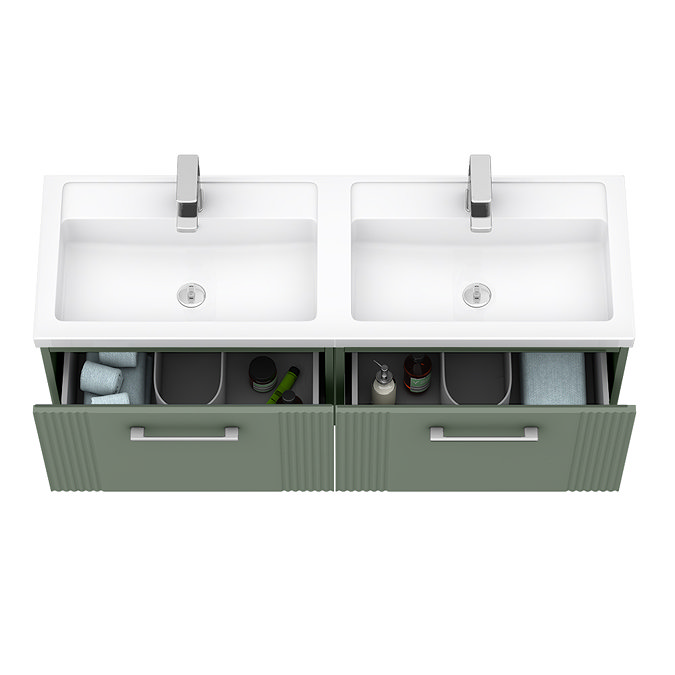 Roxbury Deco Fluted 1200mm Green Double Basin Vanity Unit - 2 Drawer Unit with Chrome Handles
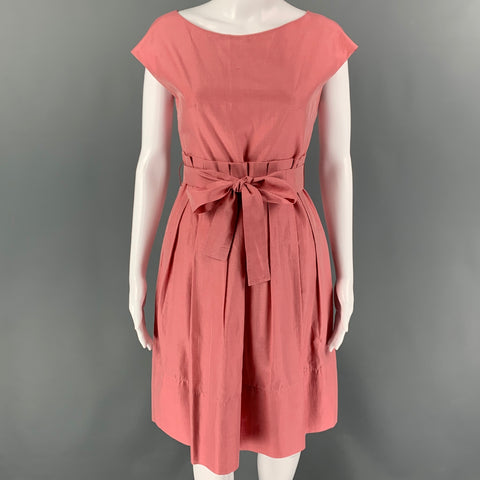 WEEKEND by MAX MARA Vestido plisado de seda de algodón rosa talla 4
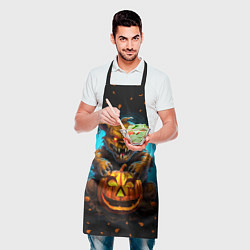 Фартук кулинарный Halloween - страшный медведь с тыквой, цвет: 3D-принт — фото 2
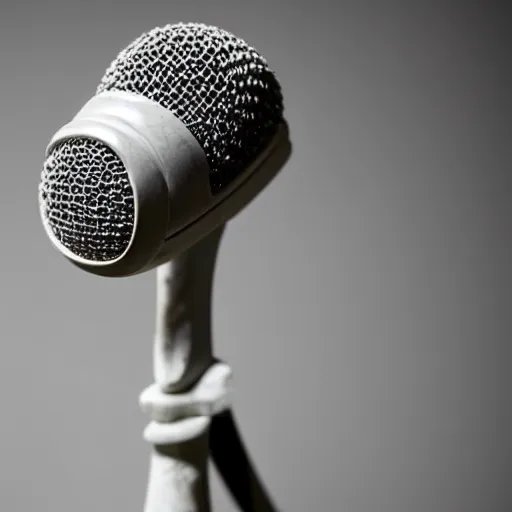 Image similar to an ancient sculpture of a microphone in white marble, close up photo, museum, ultra realistic, studio photo, bokeh, detailed.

☆ ☆ ☆ ☆ ☆ ☆ ☆

▶ Problem statement:
Once the line containing "Фартук кулинарный Halloween" is found, transcribe it and the rest of the lines to the end of the listing above exactly, omitting all pictures.

▶ Reply:
 Фартук кулинарный Halloween - страшный медведь с тыквой, цвет: 3D-принт — фото 2
 Image similar to an ancient sculpture of a microphone in white marble, close up photo, museum, ultra realistic, studio photo, bokeh, detailed.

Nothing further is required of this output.